2012 28th IEEE International Conference on Software Maintenance (ICSM) (2012)
Trento, Italy Italy
Sept. 23, 2012 to Sept. 28, 2012
Neha Rungta , NASA Ames Research Center
Suzette Person , NASA Langley Research Center
Joshua Branchaud , University of Nebraska-Lincoln
Change impact analysis techniques estimate the potential effects of changes made to software. Directed Incremental Symbolic Execution (DiSE) is an intraprocedural technique for characterizing the impact of software changes on program behaviors. DiSE first estimates the impact of the changes on the source code using program slicing techniques, and then uses the impact sets to guide symbolic execution to generate path conditions that characterize impacted program behaviors. DiSE, however, cannot reason about the flow of impact between methods and will fail to generate path conditions for certain impacted program behaviors. In this work, we present iDiSE, an extension to DiSE that performs an interprocedural analysis. iDiSE combines static and dynamic calling context information to efficiently generate impacted program behaviors across calling contexts. Information about impacted program behaviors is useful for testing, verification, and debugging of evolving programs. We present a case-study of our implementation of the iDiSE algorithm to demonstrate its efficiency at computing impacted program behaviors. Traditional notions of coverage are insufficient for characterizing the testing efforts used to validate evolving program behaviors because they do not take into account the impact of changes to the code.
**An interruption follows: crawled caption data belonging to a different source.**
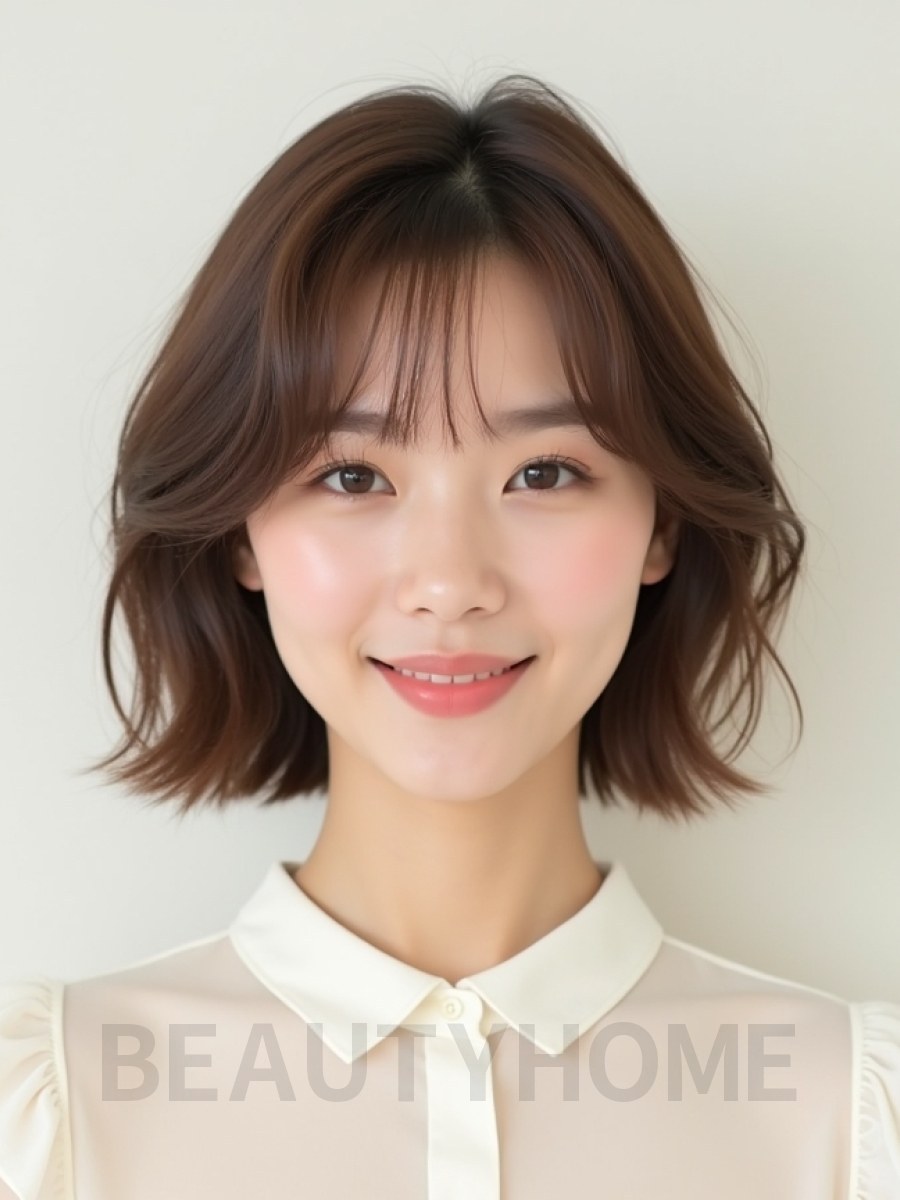 밀크티 브라운 귀밑 비대칭 단발+시스루뱅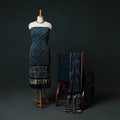 Kutch Bandhani Tie-Dye Modal Silk 3pc Unstitched Dress Material Suit Set 10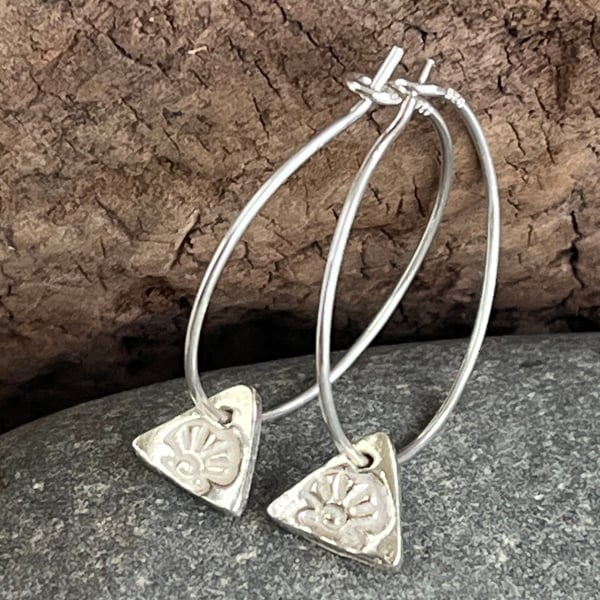 Silver shell print earrings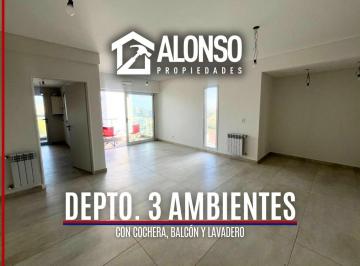 Departamento · 82m² · 3 Ambientes · 1 Cochera · Alquiler Departamento 3 Ambientes con Cochera en Escalada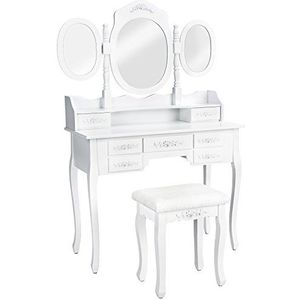 tectake® Kaptafel - Make up tafel met 7 laden en 3 spiegels - Cosmeticatafel inclusief kruk - Slaapkamerdecoratiemeubel - 90 x 40 x 145 cm - Wit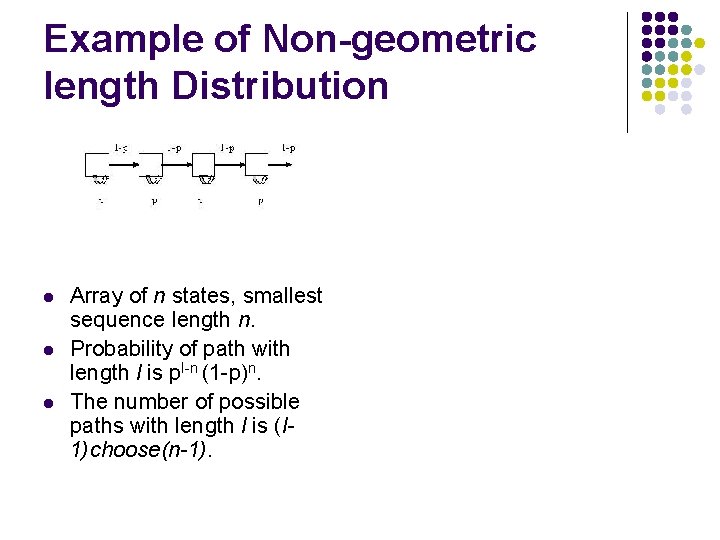 Example of Non-geometric length Distribution l l l Array of n states, smallest sequence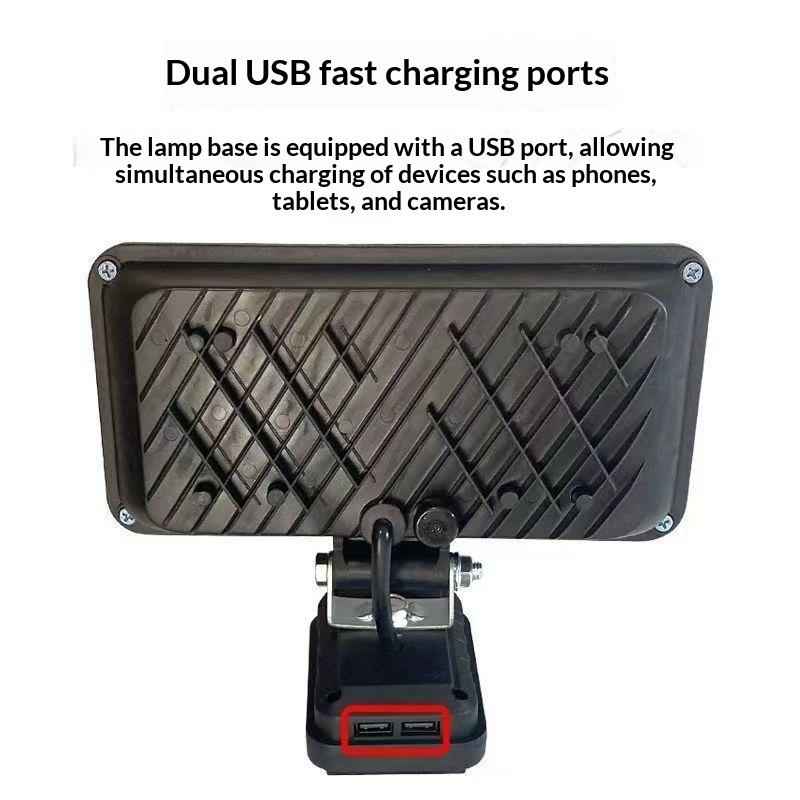Adjustable LED Work Light for Mak 18V Li-ion Battery Portable Waterproof Emergency Flood Lamp for Construction Jobs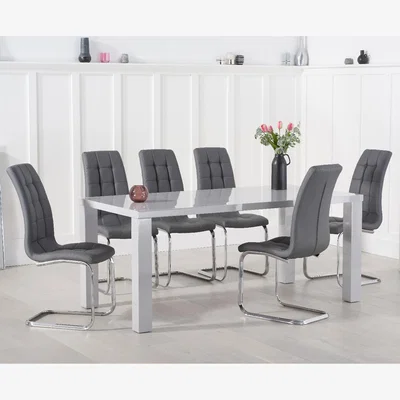 Oak&More Atlanta 200cm Light Grey High Gloss Dining Table With 10 White Lorin Chairs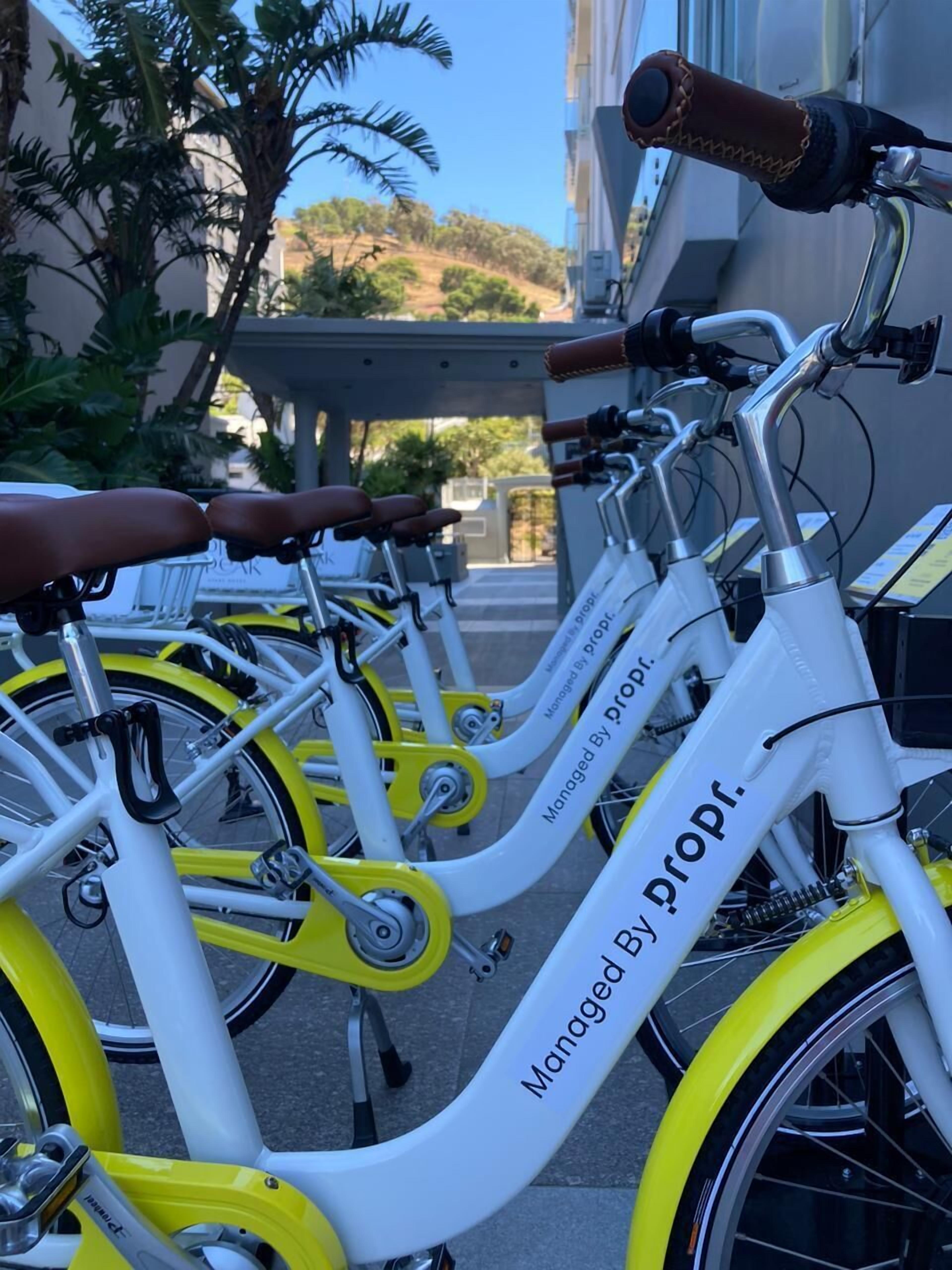 A row of white and yellow bicycles with brown seats, labeled "Managed By propt."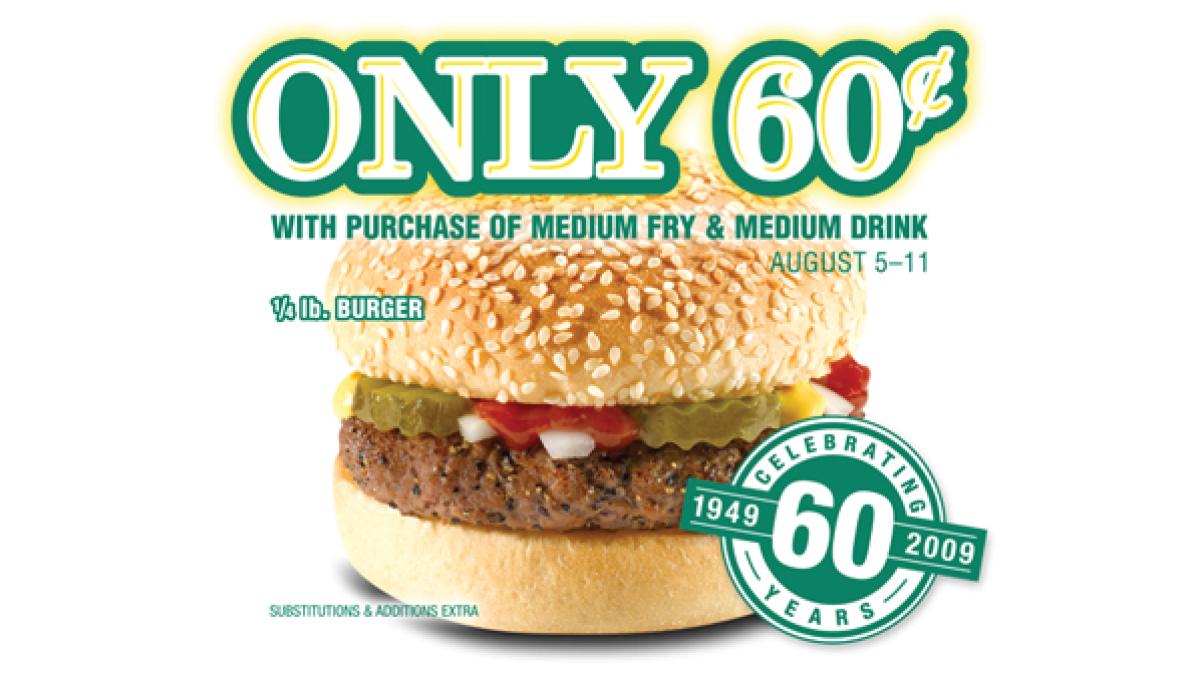 60th Anniversary Burger Deal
In this work we present novel definitions of impacted coverage metrics that are useful for evaluating the testing effort required to test evolving programs. We then describe how the notions of impacted coverage can be used to configure techniques such as DiSE and iDiSE in order to support regression testing related tasks. We also discuss how DiSE and iDiSE can be configured for debugging; finding the root cause of errors introduced by changes made to the code. In our empirical evaluation we demonstrate that the configurations of DiSE and iDiSE can be used to support various software maintenance tasks.
Context, Testing, Software maintenance, Debugging, Conferences, Heuristic algorithms
N. Rungta, S. Person and J. Branchaud, "A change impact analysis to characterize evolving program behaviors," 2012 28th IEEE International Conference on Software Maintenance (ICSM), Trento, Italy Italy, 2012, pp. 109-118.